Habían pasado décadas juntos, y ahora que se separaban, no podía evitar sentir una mezcla de tristeza y preocupación. Pero sabía que era el sueño de Felipe.
—Ya lo sé. ¿Por qué te pones tan sentimental a tu edad? —le dijo Felipe, dándole un golpecito en la cabeza, como cuando era niño y lo pillaba robando comida.
—Con los años, uno se vuelve más sensible —respondió Ángel, con una sonrisa entre lágrimas.
—Bueno, me voy. Cuídense todos —dijo Felipe y, temiendo que se le escaparan las lágrimas, se despidió con la mano y subió rápidamente al carro.
Ignacio y Sabrina observaban el lujoso vehículo alejarse, con una expresión de sentimientos encontrados.
—¿Estás seguro de que conseguirás que el abuelo vuelva antes de que acabe el mes? —preguntó Sabrina.
—Si no vuelve por las buenas, lo traeré por las malas —respondió Ignacio. Quizás influenciado por Sabrina, él también había tenido pesadillas con un accidente de avión en los últimos días. Cada vez que se despertaba, lo hacía bañado en un sudor frío. El sueño era tan vívido que parecía real.
—¿Tan drástico? —dijo Sabrina, esbozando una sonrisa.
—Prefiero ser drástico a perderlo.
—¿Crees en mi sueño? —preguntó ella. Antes, Ignacio parecía dudar, pero ahora estaba claro que creía en él.
—Yo también he soñado que sufría un accidente de avión —confesó Ignacio, apretando los labios—. El sueño era tan real… El avión se estrellaba y se hundía más de treinta metros en la tierra, sin dejar rastro de los pasajeros.
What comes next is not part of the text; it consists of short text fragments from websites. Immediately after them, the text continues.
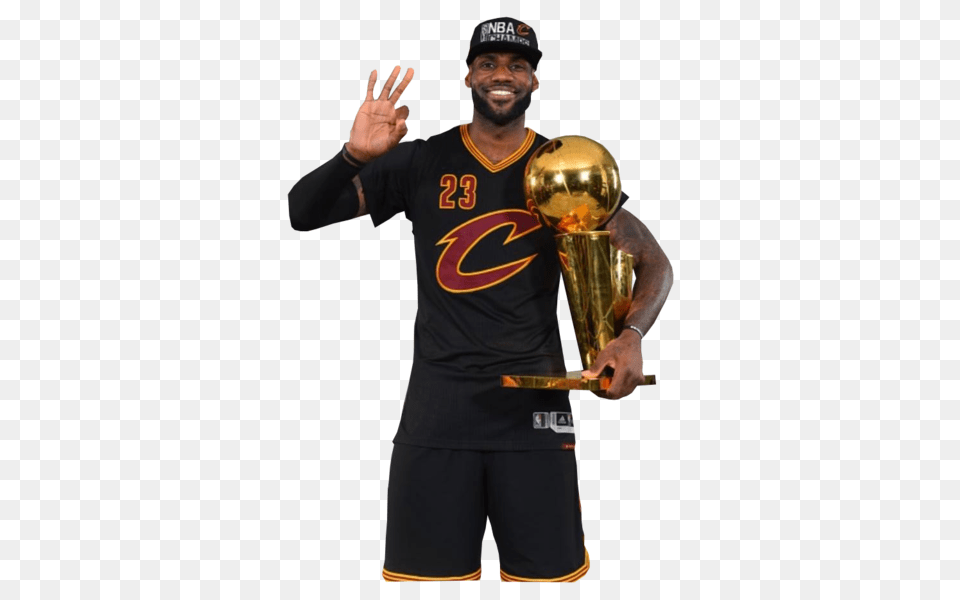 Lebron James Finals Mvp, Adult, Person, Man, Male Free Png Download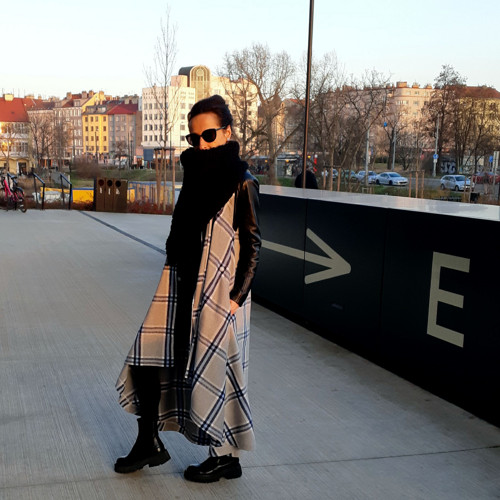 VestCoatScotchBlue/Grey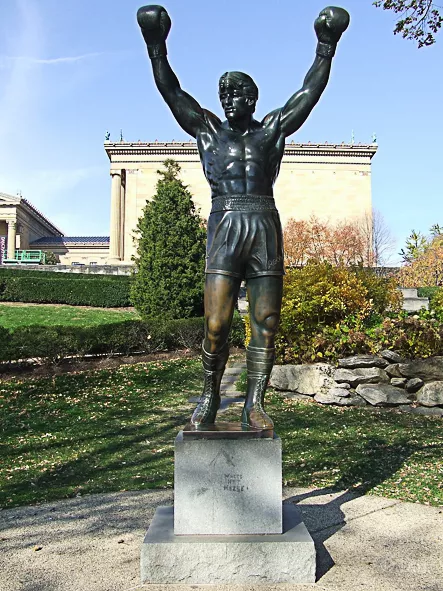 Rocky statue(1981)A.thomas schomberg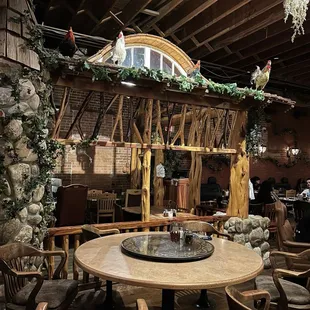 Storybook design inside makes for a fun adventure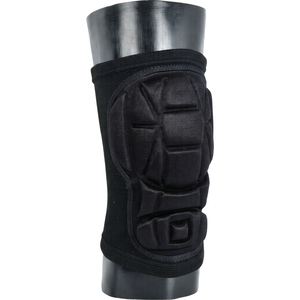 Black Protective Knee <b>Pad</b> Sleeve Brace with Thick <b>Foam</b> <b>Cushioning</b> for Sports - Product Image 1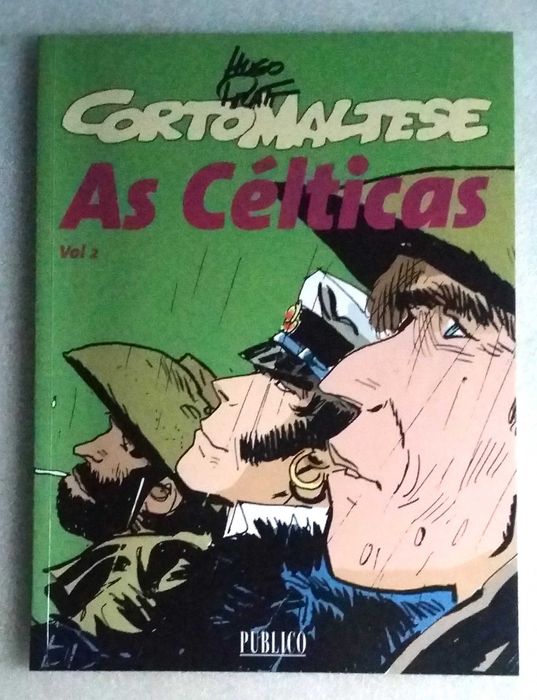Corto Maltese- As Célticas- Volume 2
Sabrina se quedó de piedra. ¿Cómo era posible que su sueño fuera idéntico a las noticias del accidente en su vida pasada? ¿Acaso su renacimiento había provocado que Ignacio también recordara su vida anterior? Pero antes de que Felipe sufriera el accidente, Ignacio aún no había despertado.
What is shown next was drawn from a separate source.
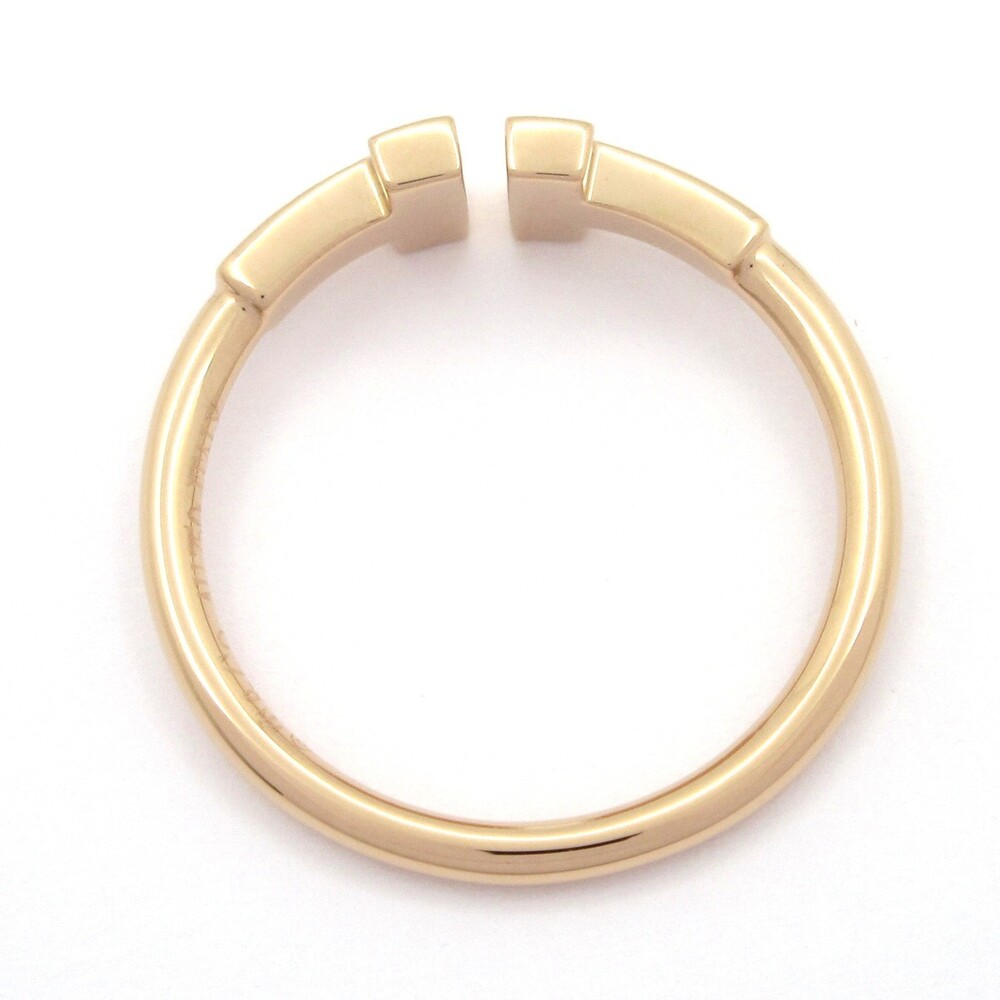 Tiffany&Co. T Wire 18K Rose Gold #374119T22B - Picture 4 of 7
—¿Y qué más has soñado? —le preguntó Sabrina.
—El sueño es muy borroso, hay imágenes que no logro recordar, o que se desvanecen al despertar. Lo único que permanece es la imagen del accidente. ¿Y tú? ¿Soñaste lo mismo que yo?
Sabrina contuvo el aliento. Sus ojos vacilaron y su corazón se aceleró tanto que podía oír sus propios latidos.
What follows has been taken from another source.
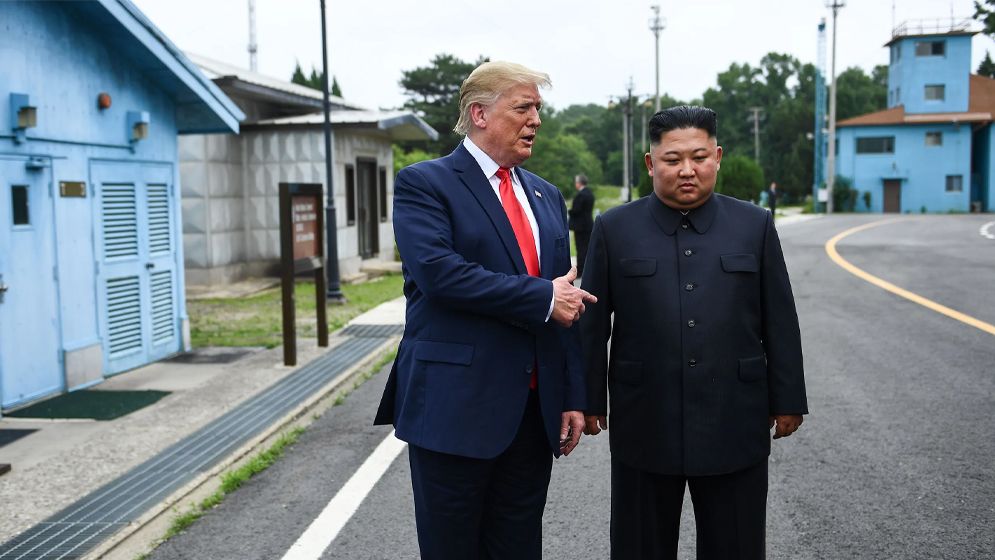 ট্রাম্পের প্রশ্ন: কিম জং উন কেমন আছেন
—¿Reencarnación? ¡Qué tontería! No creo en esas cosas.
Aunque Ignacio era la persona en quien más confiaba, no podía admitir que había renacido. No hay secretos que duren para siempre; si lo admitía, la noticia se extendería y se convertiría en el objeto de estudio de algún científico loco, condenada a una vida de tormento.
—Sabri, pareces nerviosa —observó Ignacio, que no había perdido detalle de su reacción. ¿Por qué se alteraba tanto al hablar de la reencarnación?
—¡No, qué va! Es que me parece una idea muy extraña —dijo Sabrina, forzando una sonrisa.
—La verdad es que has cambiado mucho —comentó Ignacio, medio en broma—. Eres muy diferente a como eras antes de mi accidente.